The next day we have coffee in Tintagel, ice cream in
Padstow and overnight accommodation in Newquay at the Beresford Hotel overlooking
Tolcarne beach. Newquay was a childhood haunt of mine and while parts of it
have changed a lot, much hasn't changed at all. Sadly the legendary Macari’s Ice Cream
Parlour is no longer there and now appears to be well known pub chain. Despite sporadic and heavy rain, we take the ‘land train’ through the town
and tour the sights. Then we get the Lad on the beach in Perranporth.
A ferry is required to get to St Mawes for our fourth stop, it’s a ferry called Harry. Our hotel, the Ship & Castle, doesn’t have much in the way of beer but the Victory Inn across the road does in the shape of a nice pint of Sharps 5% Sea Fury. I mean, who’d bother with their Doom Bar when you can have that instead. We raise a glass to the Queen who died today at Balmoral.
On Friday morning L swims in sea at St Mawes and then we have
the first Cornish Pasty of the trip at Charlestown near St Austell. Later that day we arrive at our cottage in Lelant near St Ives, where we will stay for the rest of the holiday, to find we have no hot
water but the owner advises it will be fixed in the morning and it is. In the evening we
order our usual Friday curry, just from St. Ives rather than the Savera.
We have a pub, the Badger that serves St Austell beers, just
across the road that we visit multiple times throughout our week.
Saturday is of course Parkrun which L does at Redruth
Heartlands, a former tin mine, and then the Lad gets on the beach at Portreath.
On Sunday we visit Lamorna Cove for coffee and apple pie, having to find a real
live coin for parking, before finally ending up a Lands End after trying to
catch what may have been a lost dog.
On Monday we drive into St Ives but struggle to park and also
fail to find anywhere to recycle which seems a county wide issue. After a
circuit of the coast we end up back near the cottage at Carbis Bay where L gets
another swim and the Lad gets on the beach after waiting for the daily dog ban to expire 6pm when suddenly
all the local dogs appear from nowhere.
The next day we’re in Helston followed by more coffee and cake
at Lizard Point where the Lad ends up sat in the car on his own for the only time
in the whole holiday and even then he didn’t have to. Everywhere has been
so dog friendly.
In the evenings as well as eating a few times at the Badger, we also eat at
the Watermill Restaurant and the Old Forge Bistro, all are dog friendly.

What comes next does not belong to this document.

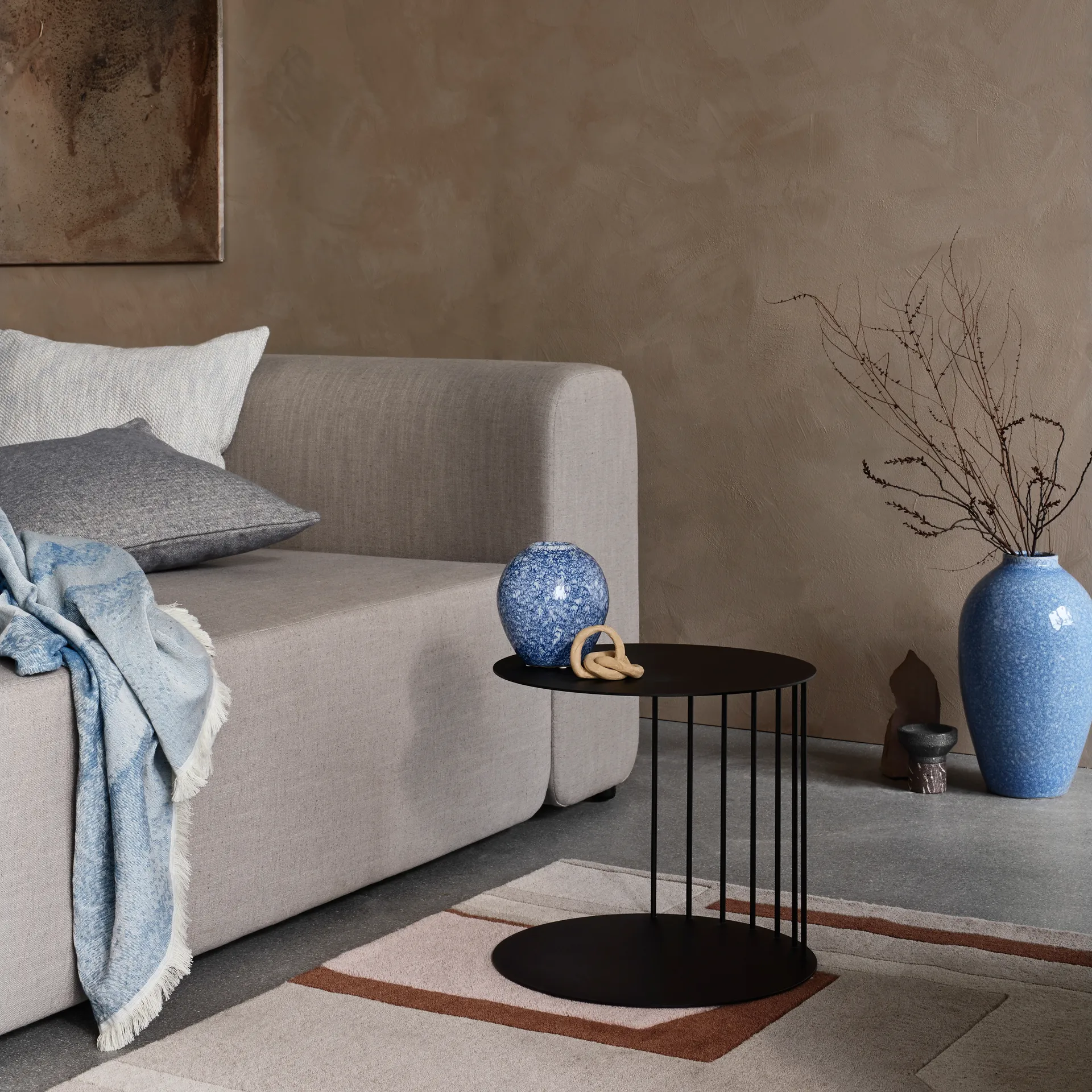 Αριστερός γωνιακός καναπές σύνθετου καναπέ, Lagoon, Λάτε Broste Copenhagen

There’s a match on Tuesday evening which I manage to stream on
to the TV in the cottage which we accompany with another take away curry.
On Wednesday L goes for a morning run along the coastal path
to Carbis Bay then all of us go in the sea up to our knees even my Dad at Gwithian
Towan Beach. It is possibly my most terrifying experience encounter with the sea since the Llandudno Tri.
Our final day is spent in Falmouth, which is really really
nice, before a long and painful traffic laden drive back home the next day.